The Ultimate Travel Bag

Annie's Ultimate Travel Bag class is one of my favorites on Crafsty. To make my own, I purchased a finishing kit from her site (including the base stabilizer) and ordered Soft and Stable foam from Amazon. 

Face fabric is Northcott Fabrics the Passport line, coordinated with Daiwabo Vintage Dry Goods-Antique Dry Notions. Not a huge fan of the Passport line (I found the prints too busy for quilts) and I love the coordinating fabric so much that I orders 3 yrs from the Workroom when it's on sale. There is 1.5 yrs left for me to make another one!

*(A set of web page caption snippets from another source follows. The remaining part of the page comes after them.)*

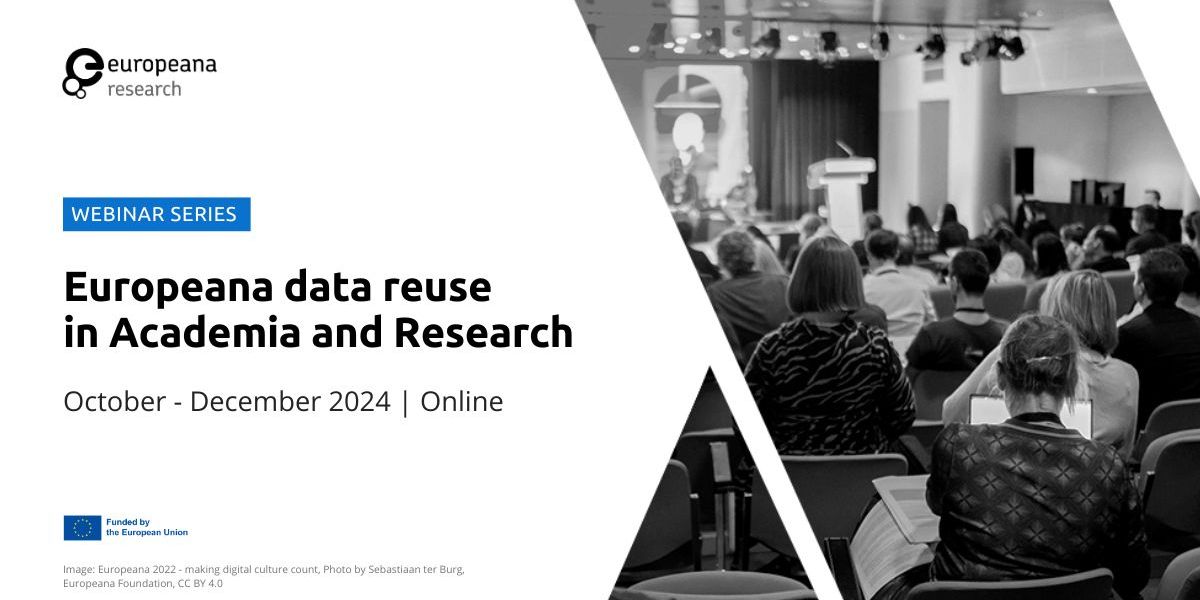 People seen from behind seated at an event. Overlaid with text Europeana data reuse in academia and research, October - December 2024, Online.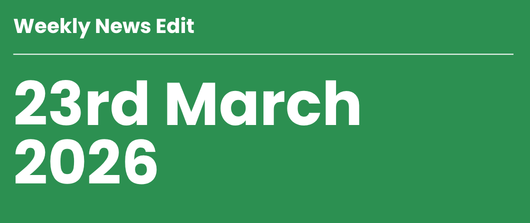       
  
     Weekly News Edit  //     23rd March 2026    Alignment on food system reform is strengthening across industry and civil society. The challenge is no longer direction of travel, but whether incentives, regulation and market signals can c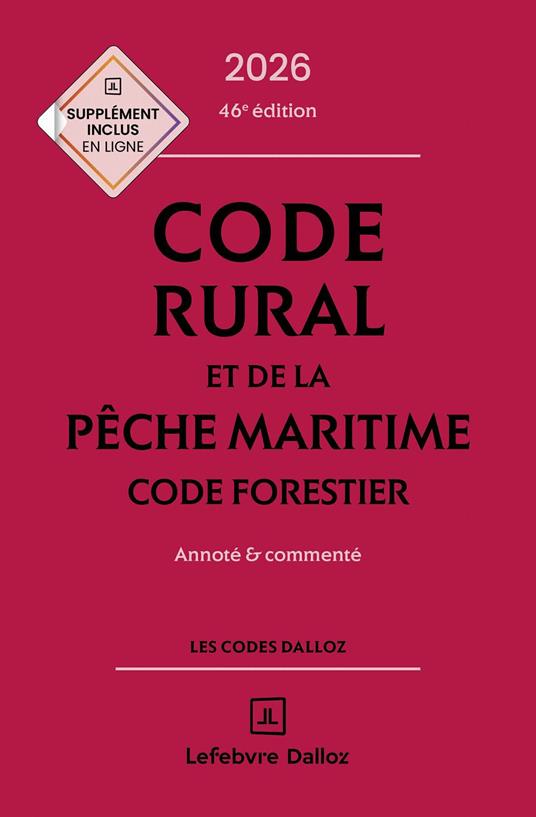 Code rural et de la pêche maritime - Code forestier 2026 46ed - Annoté et commenté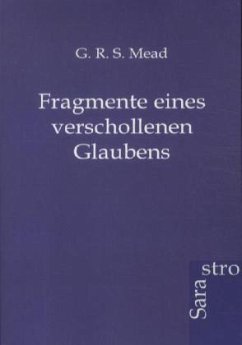 Fragmente eines verschollenen Glaubens - Mead, G. R. S.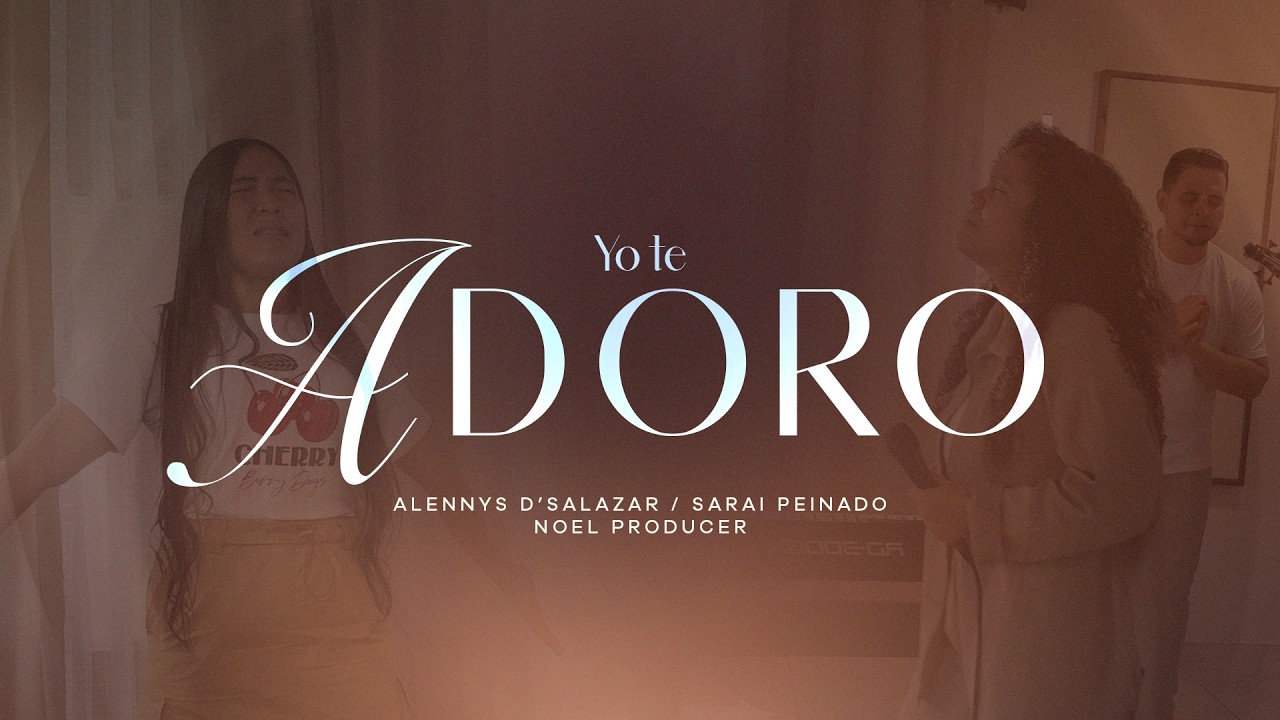 Yo te Adoro/Alennys D'Salazar*Sarai Peinado*Noel Producer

Lining fabric is from the Downton Abbey collection by Andover Fabrics. I found Andover's quilting cotton is slightly thicker and very high quality, love it!

I followed Annie's pattern and instructions meticulously from start to finish. The only thing I ended up not putting on is the strap from suitcase because I don't think I will use the bag that way and rather have a clean looking back panel. 

To make this bag, 4.5 yds of fabrics were used! Unbelievable! But it's so nice to consume my old stash... and make room for new fabrics!

I did the quilting on my Q20. It's a simple swirl design, quite large in scale to conform with Annie's 1 inch spacing quilting suggestion. 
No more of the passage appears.